Roseland neighbourhood gets update on development status in Burlington

It’s going to take a coordinated effort and some patience to get to 29,000 homes by 2031.

Port Nelson United Church, the Roseland Community Organization and the Roseland Park Country Club recently presented a three-part speaker series highlighting issues of interest and concern to residents of the Roseland neighbourhood and the wider Burlington community.

From health care to climate change to housing, the needs and opportunities in the community the series presented different perspectives about issues, policies, local implementation and constraints to action.
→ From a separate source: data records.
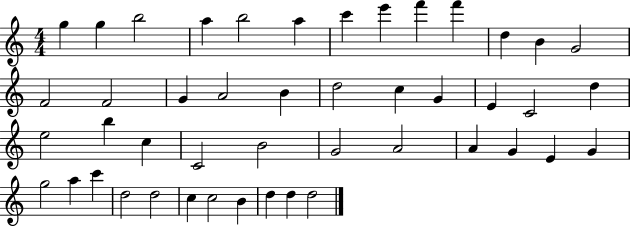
{
  \clef treble
  \numericTimeSignature
  \time 4/4
  \key c \major
  g''4 g''4 b''2 | a''4 b''2 a''4 | c'''4 e'''4 f'''4 f'''4 | d''4 b'4 g'2 | \break f'2 f'2 | g'4 a'2 b'4 | d''2 c''4 g'4 | e'4 c'2 d''4 | \break e''2 b''4 c''4 | c'2 b'2 | g'2 a'2 | a'4 g'4 e'4 g'4 | \break g''2 a''4 c'''4 | d''2 d''2 | c''4 c''2 b'4 | d''4 d''4 d''2 | \break \bar "|."
}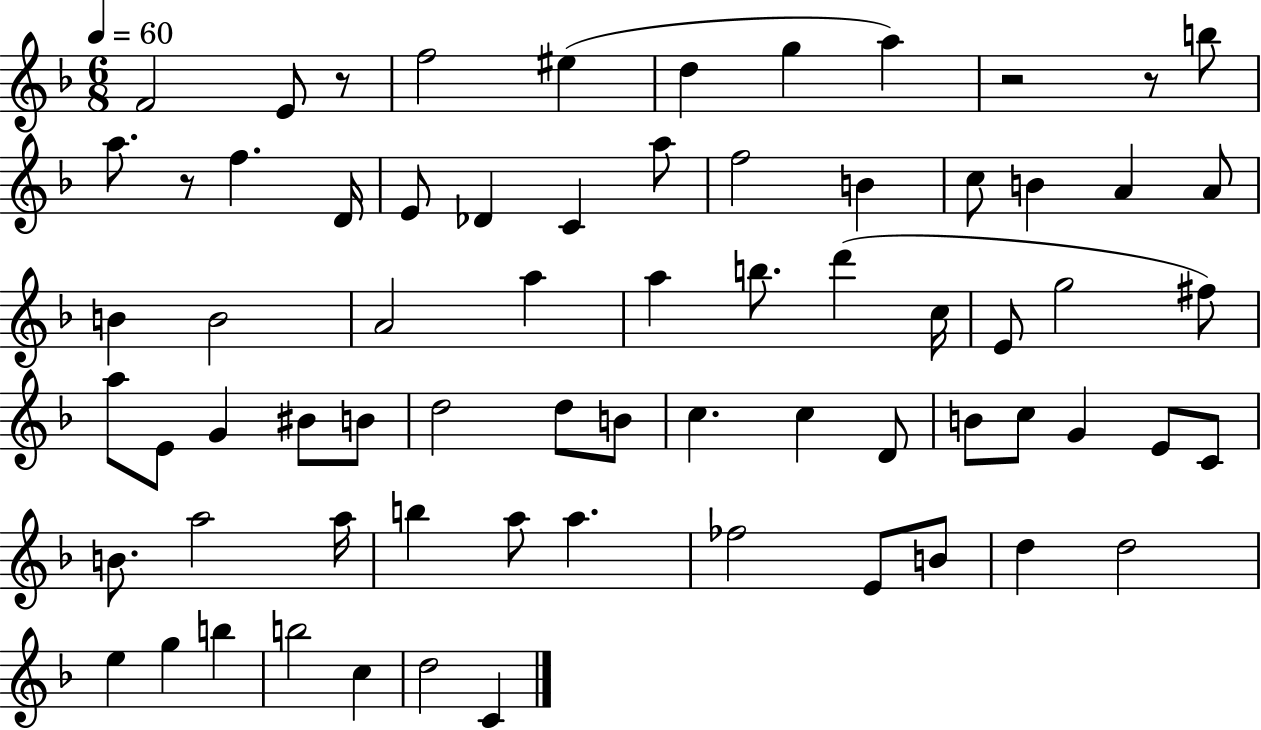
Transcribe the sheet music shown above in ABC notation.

X:1
T:Untitled
M:6/8
L:1/4
K:F
F2 E/2 z/2 f2 ^e d g a z2 z/2 b/2 a/2 z/2 f D/4 E/2 _D C a/2 f2 B c/2 B A A/2 B B2 A2 a a b/2 d' c/4 E/2 g2 ^f/2 a/2 E/2 G ^B/2 B/2 d2 d/2 B/2 c c D/2 B/2 c/2 G E/2 C/2 B/2 a2 a/4 b a/2 a _f2 E/2 B/2 d d2 e g b b2 c d2 C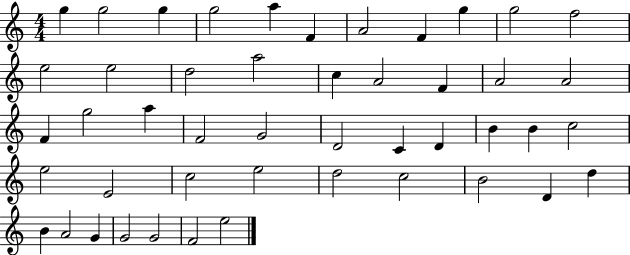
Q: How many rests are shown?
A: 0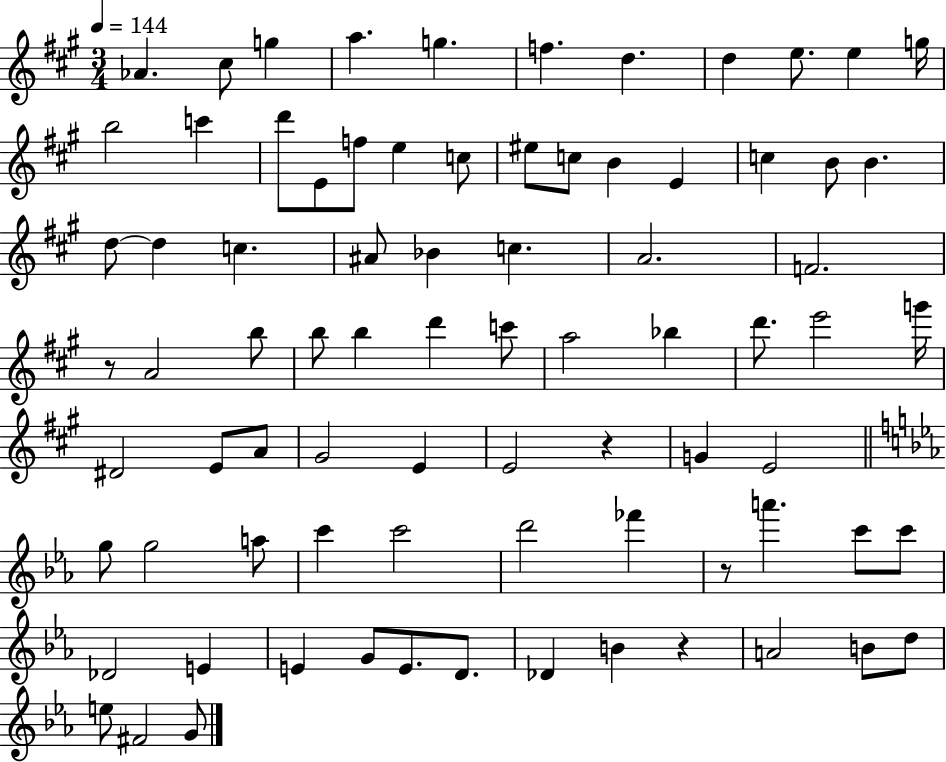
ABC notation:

X:1
T:Untitled
M:3/4
L:1/4
K:A
_A ^c/2 g a g f d d e/2 e g/4 b2 c' d'/2 E/2 f/2 e c/2 ^e/2 c/2 B E c B/2 B d/2 d c ^A/2 _B c A2 F2 z/2 A2 b/2 b/2 b d' c'/2 a2 _b d'/2 e'2 g'/4 ^D2 E/2 A/2 ^G2 E E2 z G E2 g/2 g2 a/2 c' c'2 d'2 _f' z/2 a' c'/2 c'/2 _D2 E E G/2 E/2 D/2 _D B z A2 B/2 d/2 e/2 ^F2 G/2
The final public event, for the season, was held Monday night at Port Nelson United Church on the topic of housing. The panel consisted of Ward 4 councillor and deputy mayor of housing, Shawna Stolte; project manager for the City of Burlington’s Official Plan, Alison Enns; and CEO of the West End Home Builders’ Association, Mike Collins-Williams.

‘How do we get to 29,000?’ was the title of the session and all three panellists explained that the task will require a coordinated effort, a reduction in ‘red tape’ at the city level, and a deeper understanding and amount of patience on the part of residents.

Enns stated that the policies and regulations coming from the province and federal governments are constantly changing, some at a moment's notice, and challenging for cities to adapt to, let alone expecting the public to keep abreast of what is current. 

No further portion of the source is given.